- _WHAT YOU HAVE TO DO_
Retype only the lines from the top of the records to the line with "Gap cardigan sweater, gray", including that line but none of the pictures.

- _RECORDS SHOWN_
Start of Block

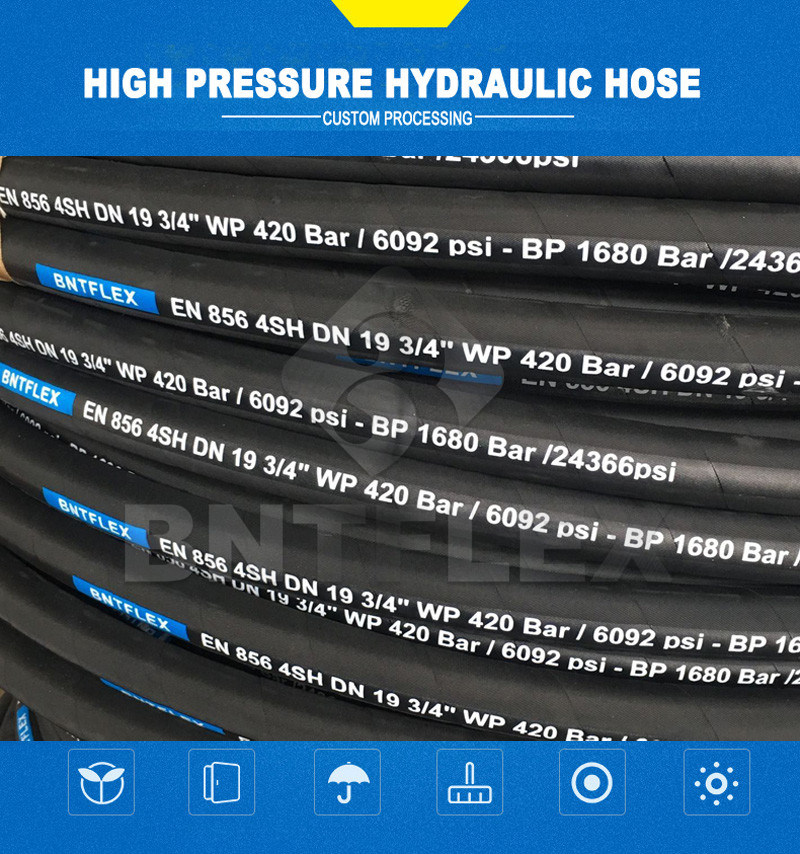 Hydraulic Hose and Fitting Hydraulic Hose Manufacturer Rubber Hose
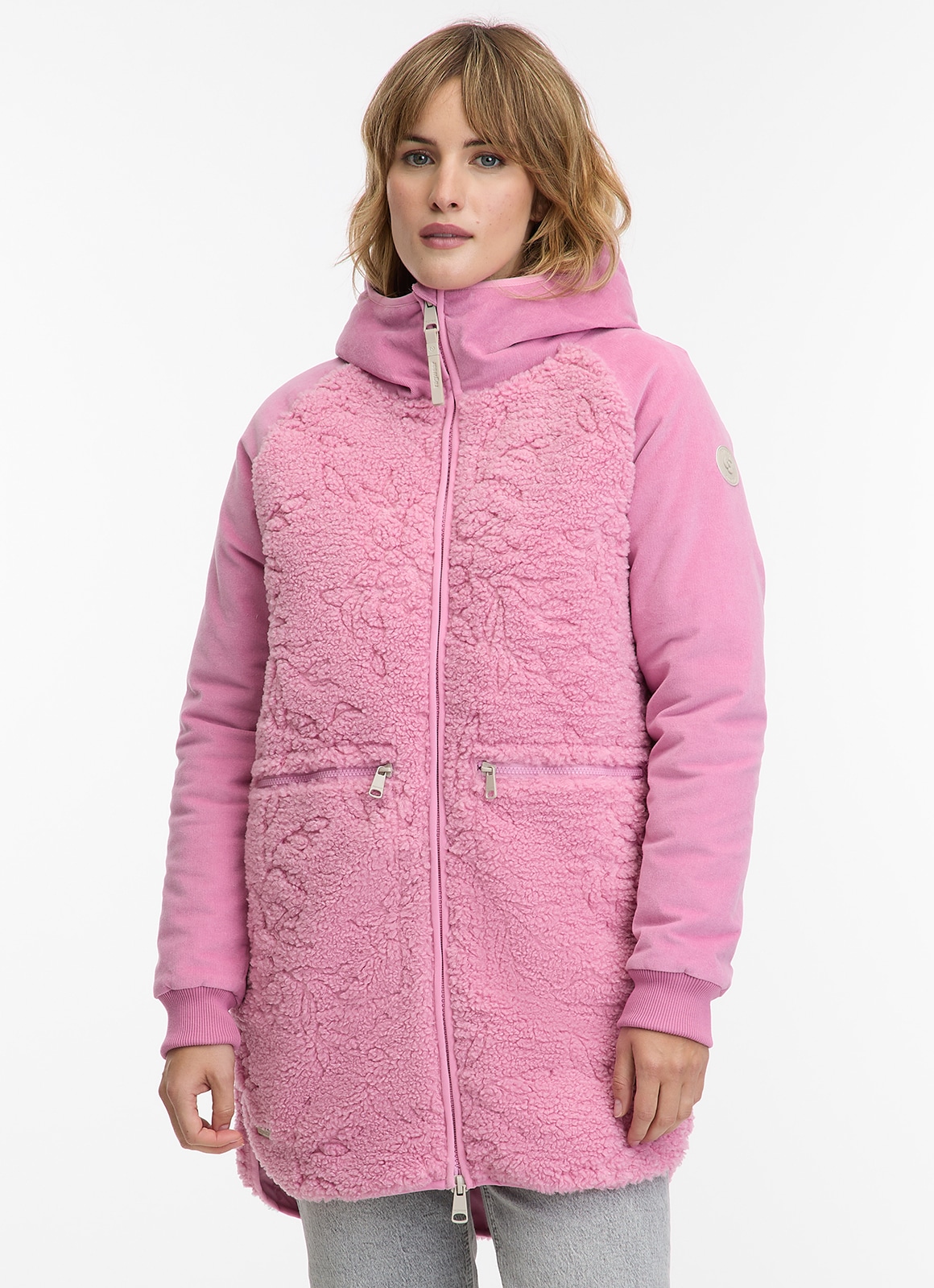 Ragwear Kapuzenplüschjacke "LONGEDDY" ohne Kapuze günstig online kaufen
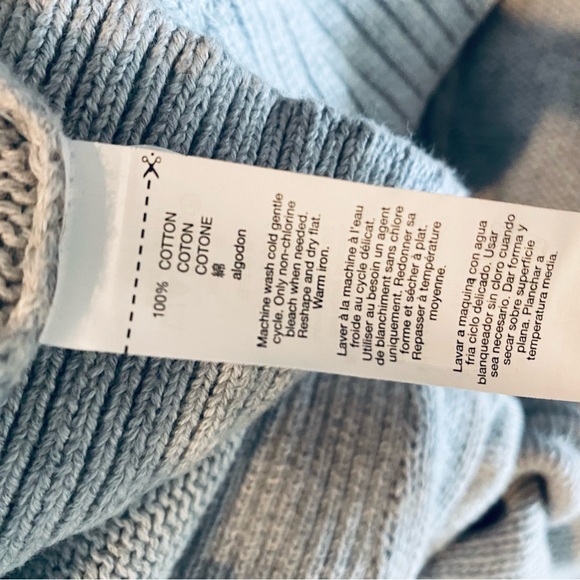 Gap cardigan sweater, gray knit, size small 100% cotton - Picture 8 of 9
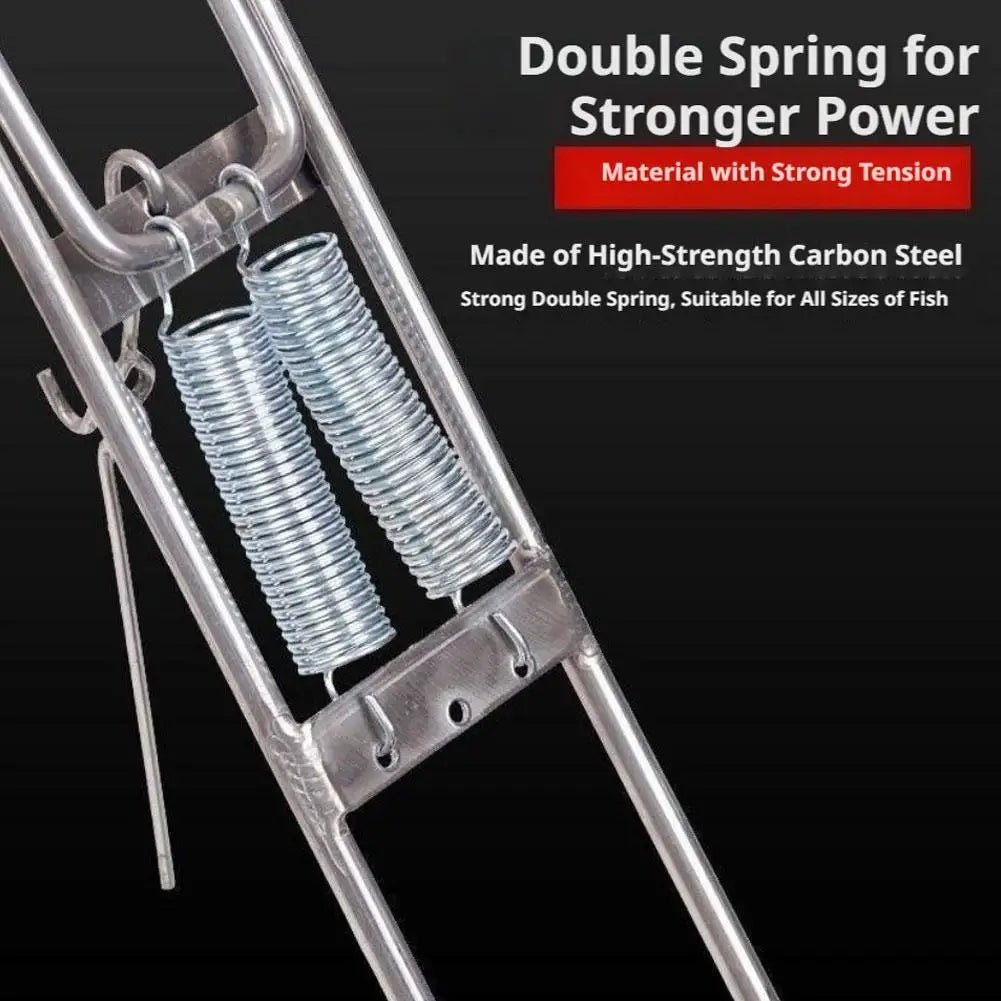 Automatic Spring Fishing Rod Holder Portable Foldable Stand for Outdoor Bank Fishing Ground Insert Fishing Pole Support Bracket Peaceful Pleasures Health and Wellness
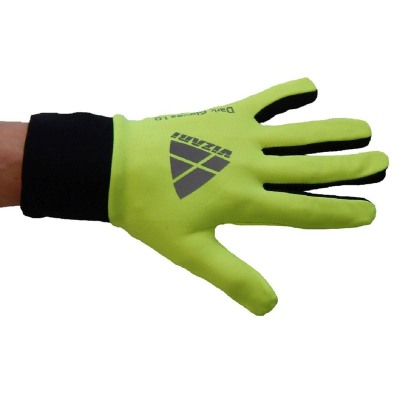 Doreza vrapimi Vizari Dark Gloves 1.0, ekran prekës, madhësia XS, jeshile e zezë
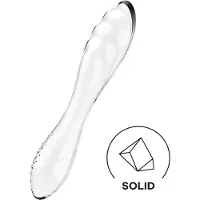 Shots Dazzling Crystal - Glass Dildo - Transparent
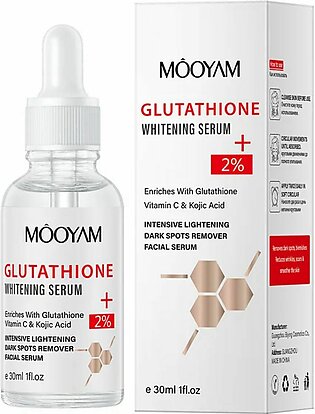 Glutathione Serum 30ml, Enriched With Kojic Acid And Vitamin C, Glowing Serum, Whitening Serum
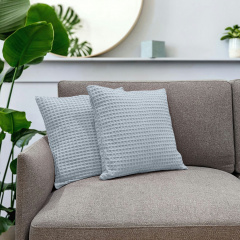 Наволочка COSAS Skyey Greek Waffle 40х40 см Блакитний Дніпрорудне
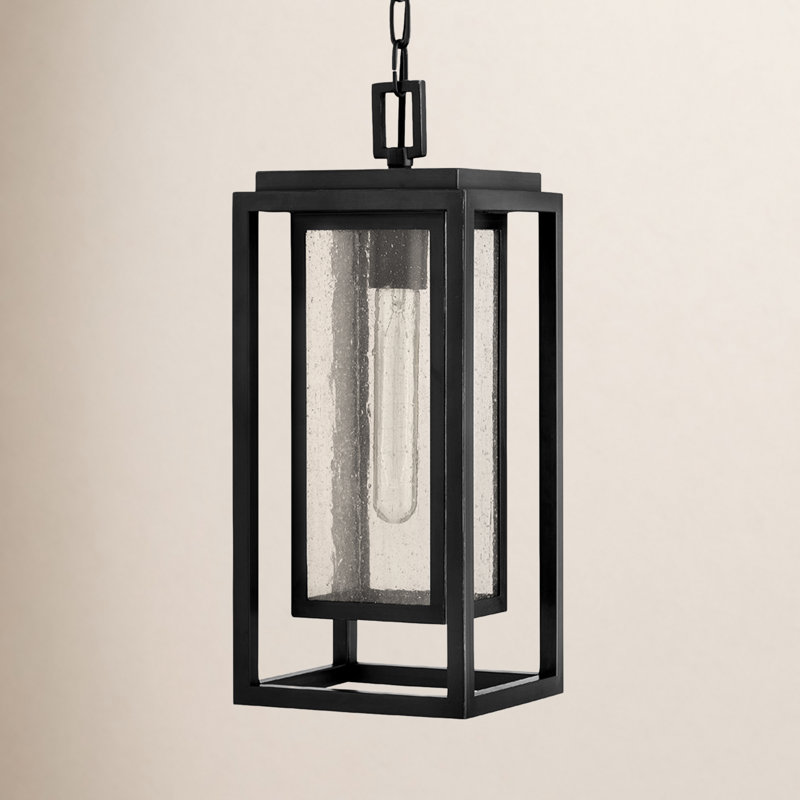 Natalina Outdoor Hanging Lantern, Black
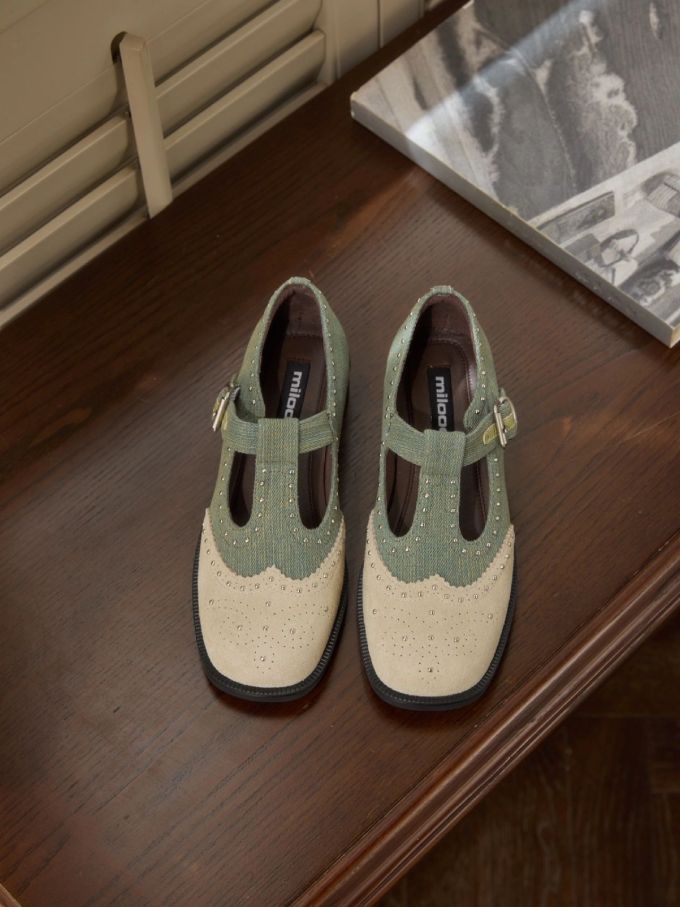 袢扣 中口鞋 皮革 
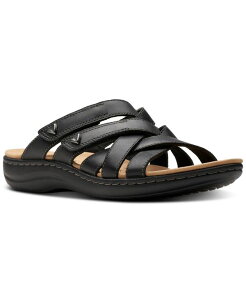 �N���[�N�X ���f�B�[�X �V���[�Y �T���_�� �v���b�g�t�H�[�� Clarks Laurieann Bali Strappy Platform Slide Sandals Black Leat �u���b�N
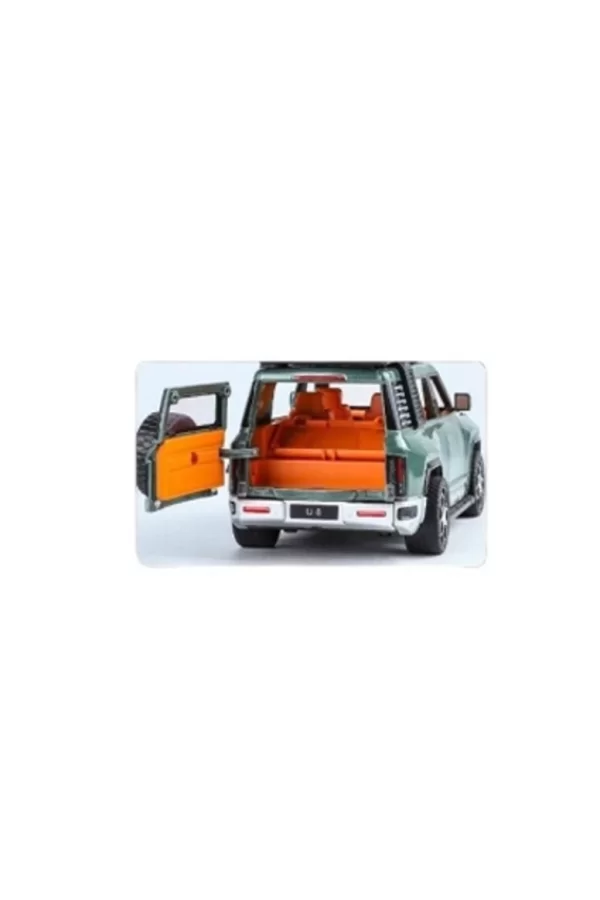 Nessiworld XHD-B2432 -Vardem Çek Bırak  Işıklı ve Sesli Kapıları Açılan Lr Jeep 1:24
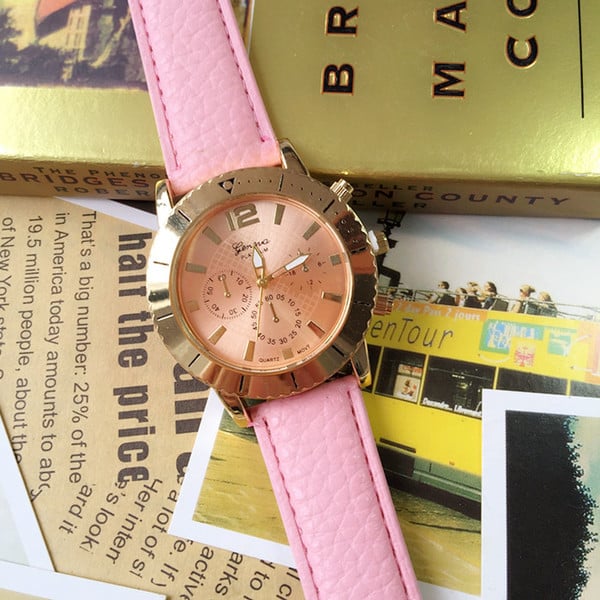 Kör alakú női napi karóra több színben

End of Block

- _TASK SOLUTION_
 Hydraulic Hose and Fitting Hydraulic Hose Manufacturer Rubber Hose
 Ragwear Kapuzenplüschjacke "LONGEDDY" ohne Kapuze günstig online kaufen
 Gap cardigan sweater, gray knit, size small 100% cotton - Picture 8 of 9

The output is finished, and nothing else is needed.